[Problem description] Reproduce the material below only from the line with "Japanese samurai mask" to the line with "Alt view image", both included, keeping each line exact and dropping the pictures.

[Records for the exercise]
---------------
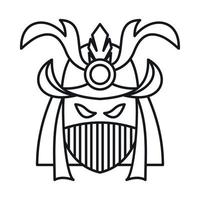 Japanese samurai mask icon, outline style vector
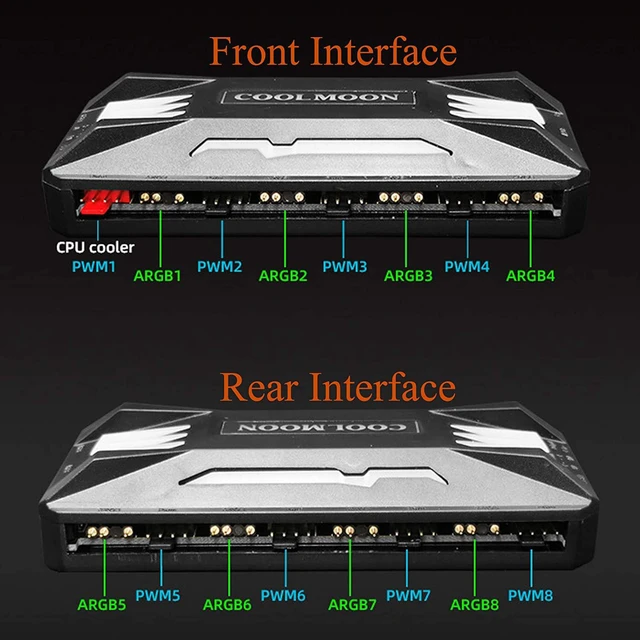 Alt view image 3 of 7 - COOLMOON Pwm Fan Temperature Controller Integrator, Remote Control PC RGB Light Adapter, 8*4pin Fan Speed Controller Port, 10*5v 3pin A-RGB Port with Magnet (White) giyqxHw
---------------
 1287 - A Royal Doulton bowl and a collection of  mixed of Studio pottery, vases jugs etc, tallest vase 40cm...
---------------
[Answer area]
 Japanese samurai mask icon, outline style vector
 Alt view image 3 of 7 - COOLMOON Pwm Fan Temperature Controller Integrator, Remote Control PC RGB Light Adapter, 8*4pin Fan Speed Controller Port, 10*5v 3pin A-RGB Port with Magnet (White) giyqxHw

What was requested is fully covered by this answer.